Entre un amigo Hernán y una amiga María tuvieron la divertidísima ocurrencia de crear una app “whatsallá”, para hablar con los muertos.
En una de sus novelas, Kurt Vonnegut cuenta que en el
futuro se habrá inventado una máquina para hablar con los muertos (los muertos
no dicen gran cosa, sólo se quejan de que la Eternidad los está matando de
aburrimiento).
* * *
Caigo en la cuenta de que escribo esto el día que mi madre estaría cumpliendo 80 años. Murió hace tiempo. Si tuviera la máquina de Vonnegut, le hablaría. O tal vez no.

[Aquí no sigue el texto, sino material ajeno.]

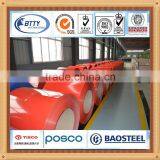 Color Coated Galvanized Sheet Metal Roll Ppgi China Manufacure Prices thumbnail-1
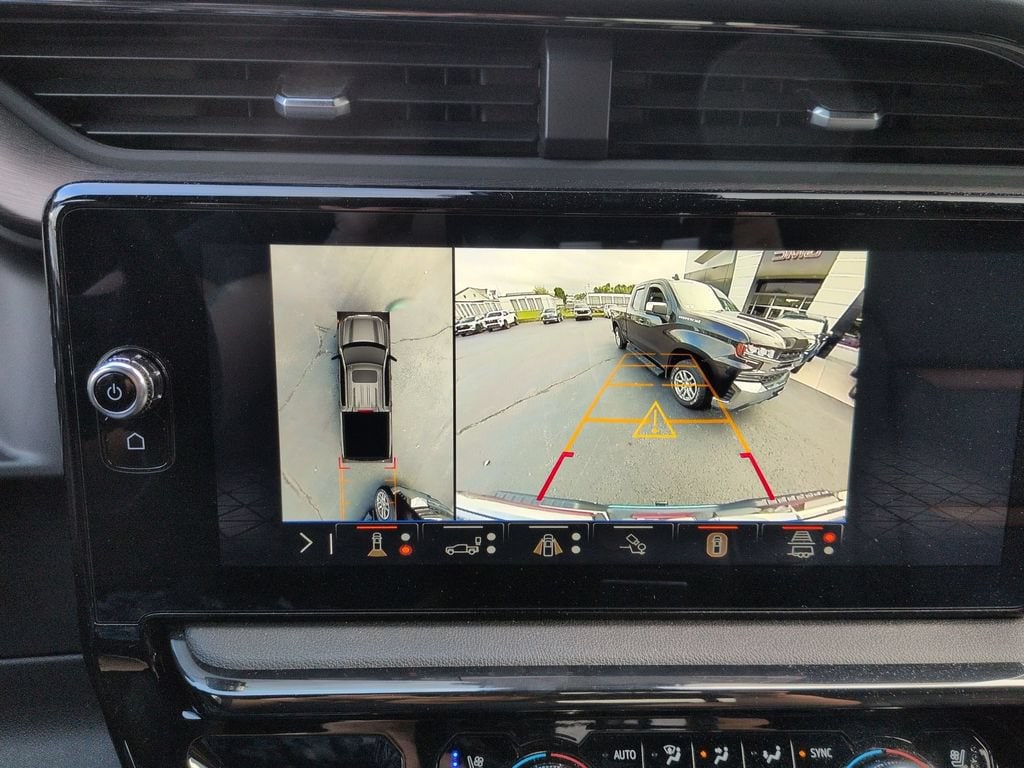 2024 GMC Sierra 1500 AT4 - Photo 11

No sé.
* * *
Para consolarme por la falta que me hace, alguien me dijo
al oído que su tumba no es un agujero de la muerte, sino un manantial de donde
brota lo bueno y lo malo que ella fue, y en el que en algún momento yo también me
sumergiré.
No sentí tanto cuando murieron otras personas, como sí siento
ahora que del otro lado hay gente. Está nuestra madre. Esto hace menos
espantosa la muerte, porque nos regala la fantasía de que mi madre no murió del
todo, y de que no vamos a morir realmente.

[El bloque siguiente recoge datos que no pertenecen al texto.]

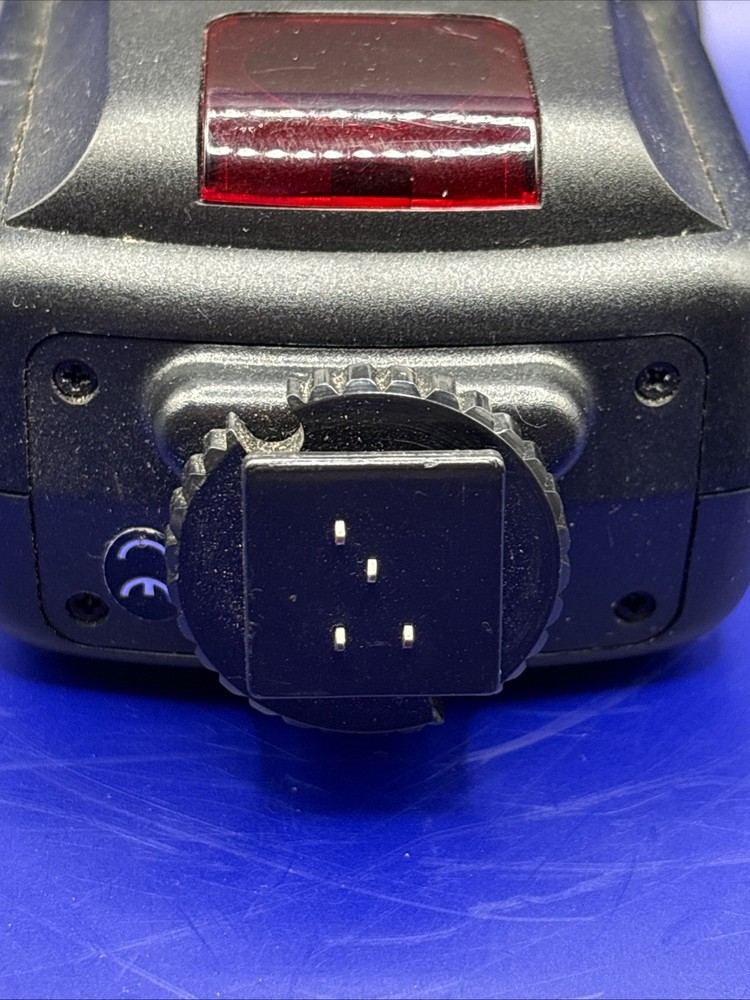 Opteka FL680AF-N Speed Blitz Camera Flash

Algún tipo de resurrección es posible.
* * *
En las primeras décadas del siglo pasado se vivía en Europa un auge del ocultismo. Se organizaban sesiones de espiritismo en todas partes, por ejemplo. Había una pasión por entrar en contacto con lo que está más allá de esta realidad, que resultaba sombría, opresiva y de futuro sospechoso. El más allá era el más allá de la muerte, del presente (principalmente el futuro), de las leyes de la física, del saber científico, de la razón.
En ese marco, el escritor y ocultista belga Jean Delville
habría compartido con otros simpatizantes de la antroposofía un tratado de su
autoría sobre los artistas que hacen la misma obra.
Siendo él mismo pintor, se centró en los pintores. “En
diferentes épocas y en culturas completamente exóticas entre sí”, escribió, “ha
habido artistas que recibieron la llamada de pintar un mismo tema. Es una clara
evidencia de una voluntad que no es de este mundo, y al que nuestra historia ha
llamado, pobremente, ‘inspiración’ o, más figuradamente, ‘musa’. Para
comprender este fenómeno, podemos imaginarnos a un conjunto de artistas alrededor
de una modelo, cada uno con su caballete retratándola, sólo que no habría
múltiples puntos de vista, sino sólo uno”.
Quien me habló sobre Delville y su descubrimiento, fue
Juan Marroco, un anciano a quien conocí cuando yo era un joven bienintencionado
que colaboraba con el Asilo del Carmen, en la ciudad de San Nicolás. Nos
hicimos amigos con Juan y resultó que tenía tantas historias que podría haberme
pasado el resto de mi vida intentando escribirlas.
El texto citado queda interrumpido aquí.